Il semble que le renforcement de TV5 constitue en fait le noyau dur des propositions du rapport Cluzel. L'opération permettrait de répondre à une demande réelle du public de la " grande francophonie ", contrairement à la " chaîne vitrine " qui répond à une stratégie volontariste d'offre. En effet, seuls les Français en déplacement temporaire sont demandeurs d'une chaîne axée sur l'information française. Les autres publics souhaitent plutôt des chaînes généralistes de qualité.
· Quelques réflexions
Tout d'abord, il faut tenir compte d'une première tendance, l'extrême fragmentation de l'offre télévisuelle, et l'internationalisation croissante de celle-ci du fait de la montée en puissance de la diffusion numérique par satellite. La distinction de l'audiovisuel public interne et externe sera de la sorte de plus en plus artificielle. Une chaîne comme Arte vise l'ensemble du bassin méditerranéen et commence à prendre position aux Etats-Unis. France Télévision est reprise sur certains réseaux câblés aux Etats-Unis. On pourrait multiplier de tels exemples. Par ailleurs, les opérateurs privés étendent de la même façon leur champ d'action, on pense en particulier aux filiales internationales de Canal Plus. La mission de l'audiovisuel public extérieur va, dans ces conditions, perdre une part importante de sa spécificité : la voix de la France va devenir très diverse.
Par conséquent, la rationalisation doit moins tendre à élaborer des structures unitaires susceptibles d'encadrer une offre qui devint par nature très disséminée, qu'à accompagner l'éclatement de l'offre en faisant en sorte qu'elle réponde à une stratégie de conquête de l'audience. Un exemple : seule la rationalisation pour la rationalisation semble jusqu'à preuve du contraire, justifier l'arrêt de la diffusion simultanée de CFI et de TV5 dans certaines régions. On propose de recentrer CFI sur son rôle de banque de programmes grâce au cryptage de ses émissions. Cela ne revient-il pas à priver sans raison la France d'un utile instrument dans le concert des programmes satellitaires ? Face à la diversification de l'offre internationale de programmes, il ne paraît pas inopportun de maintenir l'offre française existante.

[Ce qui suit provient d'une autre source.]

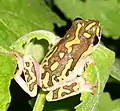 Hyperolius marmoratus at Ilanda Wilds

Une seconde tendance profonde est la raréfaction des moyens que l'Etat met à la disposition de l'audiovisuel public pour son adaptation au nouveau contexte.

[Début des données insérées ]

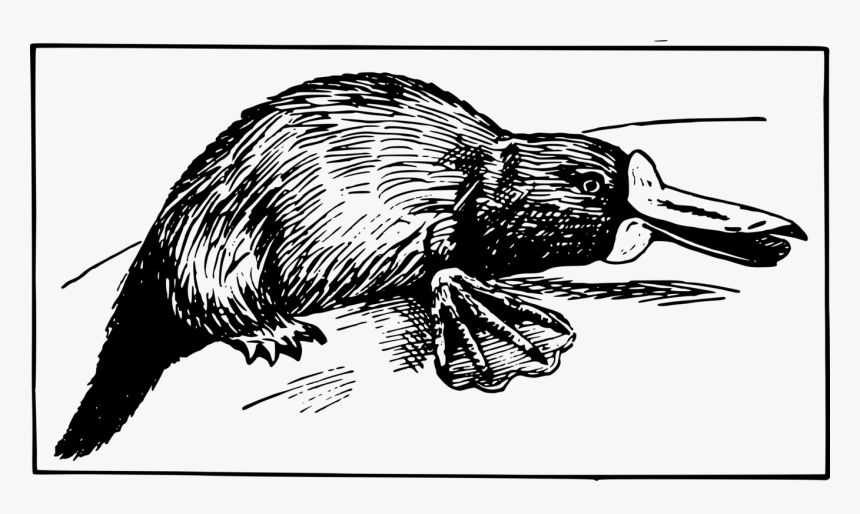 Porcupine,line Art,art - Illustration, HD Png Download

C'est ainsi que, par exemple, le développement de France Télévision dans le numérique, la création de chaînes thématiques, subiront un coup d'arrêt en 1998. Il faut donc maximiser l'utilisation des ressources existantes, aussi bien les ressources financières que les ressources en programmes. C'est cela qui justifie l'organisation d'un pôle télévisuel à côté du pôle radiophonique déjà constitué. Et c'est vraisemblablement autour de l'acteur le plus susceptible de favoriser la maximisation des moyens, la circulation des programmes entre les chaînes publiques, la négociation des droits de diffusion aux meilleures conditions, qu'il faudrait constituer le pôle télévisuel. Sans doute France Télévision reste-t-elle à cet égard un acteur incontournable de la réforme de l'audiovisuel extérieur.